Daneshmand brought this diversity action against Hazard, along with Thomas DeSantis, Jr., the gate's installer, and Central Fence of CNY, Inc., the subcontractor who built the fence and contracted with DeSantis to install it, alleging negligence and breach of various warranties. Hazard and Central Fence filed third-party complaints against Mallory Electric Company, Inc., which had installed a ground wire on the gate shortly before its collapse, seeking contribution for negligence and common law indemnity. Daneshmand sought compensatory damages from all three defendants and punitive damages from Hazard and Central Fence.

The district court granted summary judgment in favor of Hazard and Central Fence on the punitive damages claims. A jury trial on the remaining claims ended in a grant of judgment as a matter of law for all the defendants on all the claims at the conclusion of Daneshmand's case-in-chief.

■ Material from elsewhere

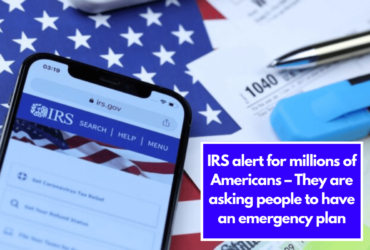 IRS alert for millions of Americans – They are asking people to have an emergency plan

This appeal followed. On it, Daneshmand assigns as error the district court's grant of judgment as a matter of law at trial, the court's earlier grant of summary judgment for Hazard and Central Fence on the punitive damages claims, and several of the court's evidentiary rulings.


We first address the propriety of the grant of judgment as a matter of law at the conclusion of Daneshmand's case-in-chief.

Though Daneshmand's claims invoked both negligence and breach of warranty theories, an essential element of each was that a basic design defect known to but uncorrected by each of the appellee-contractors involved in providing the gate to the Army was a proximate cause of its fall and hence of Daneshmand's injuries.1  And though the district court's oral ruling may be thought to have rested on several alternative grounds,2  the central ground was the insufficiency of the evidence to support a jury finding on that critical causation issue. J.A. at 1238-39, 1247. Because we agree that that was a sufficient ground, we confine discussion to it.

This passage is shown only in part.